Do they? Most of the pornographers who were banned and prosecuted before the advent of film and inexpensive photography were writers and publishers. Written smut has been a big deal since before the Greeks. There's a whole book of the Bible devoted to poems about banging.

But I digress. I see your point. I'm just pedantic.


----------



## AriesHausdorff (Mar 23, 2017)

Mandragoras said:


> Do they? Most of the pornographers who were banned and prosecuted before the advent of film and inexpensive photography were writers and publishers. Written smut has been a big deal since before the Greeks. There's a whole book of the Bible devoted to poems about banging.
> 
> But I digress. I see your point. I'm just pedantic.

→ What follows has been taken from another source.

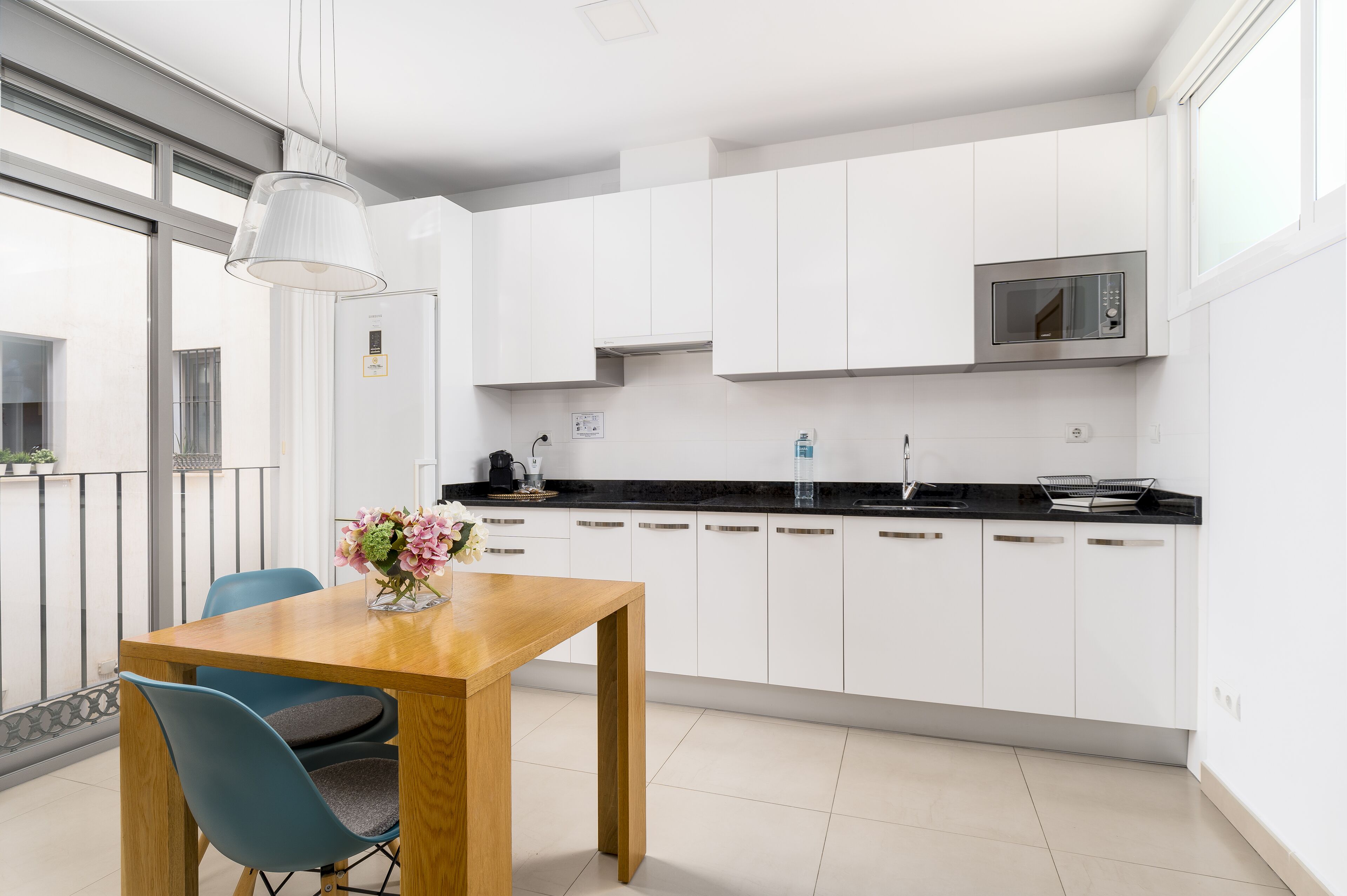 Una cucina moderna con mobili bianchi, un piano di lavoro nero e un forno a microonde in acciaio inossidabile. C'è un tavolo da pranzo in legno con sedie e un vaso di fiori.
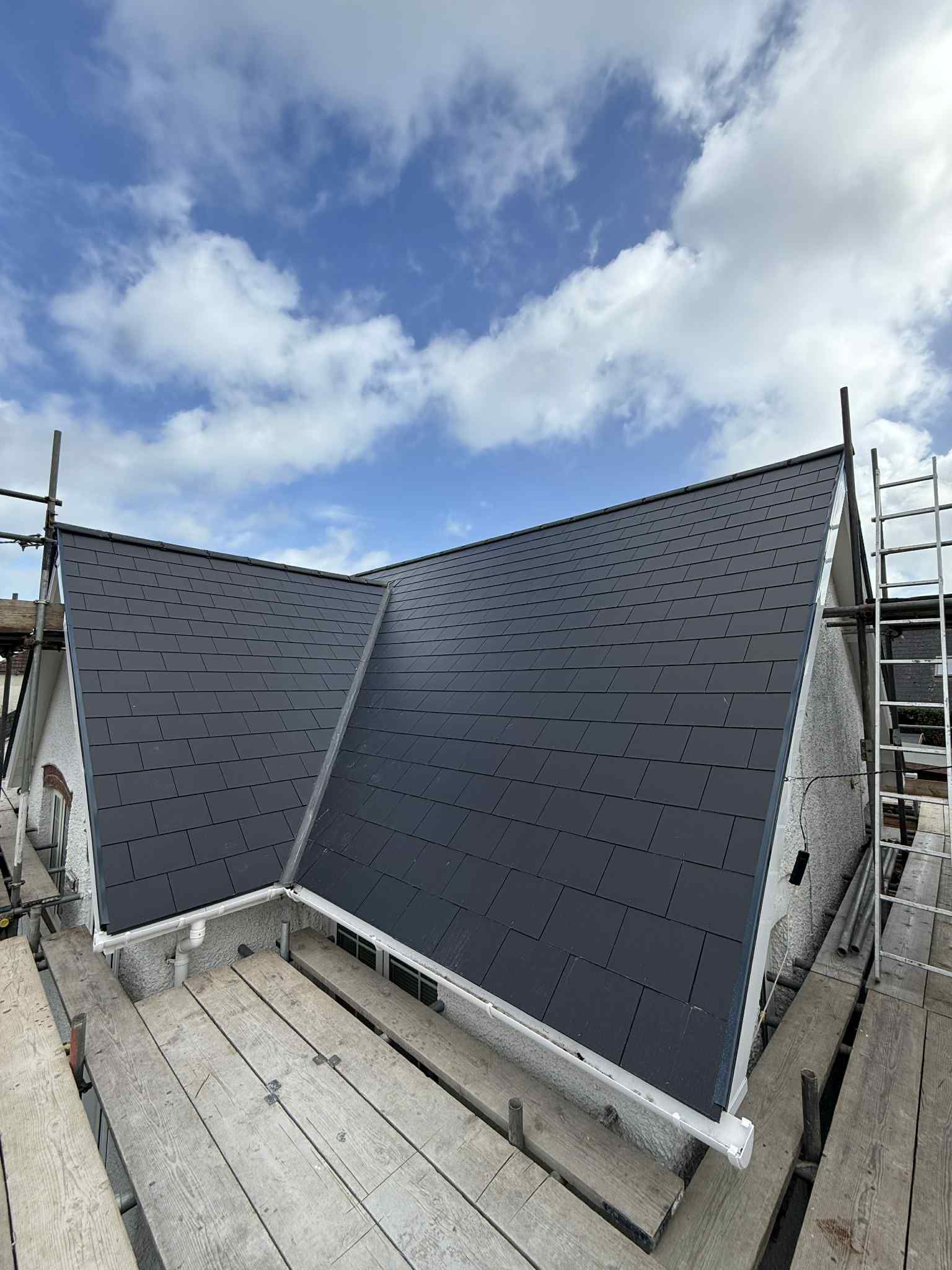 Black roof with scaffolding against a partly cloudy sky.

Psshhhaww! It all depends on the way one is fapping. The greek most likely read the smut and then fapped. But it is all about staying in sync with the progress of the story. Totally.
If not, it's maybe a sign for a weakly developed right wrist on my part.

Anyway:
My recommendation would be to use ones preferred instant messenger and then form a group there with all those interested in the same story, universe , ...
Might be less of  a hassle, yet produce the same if not better results.

Basically what would bother me about usign discord is that the server is not in ones own hands, so there is no warranty as to what happens with the communication in the long run.
The same issue exists with Skype and Telegram alike, why a private server, like TeamSpeak or Mumble ( which I use, as it's available for ARM processors ), should be highly preferential.


----------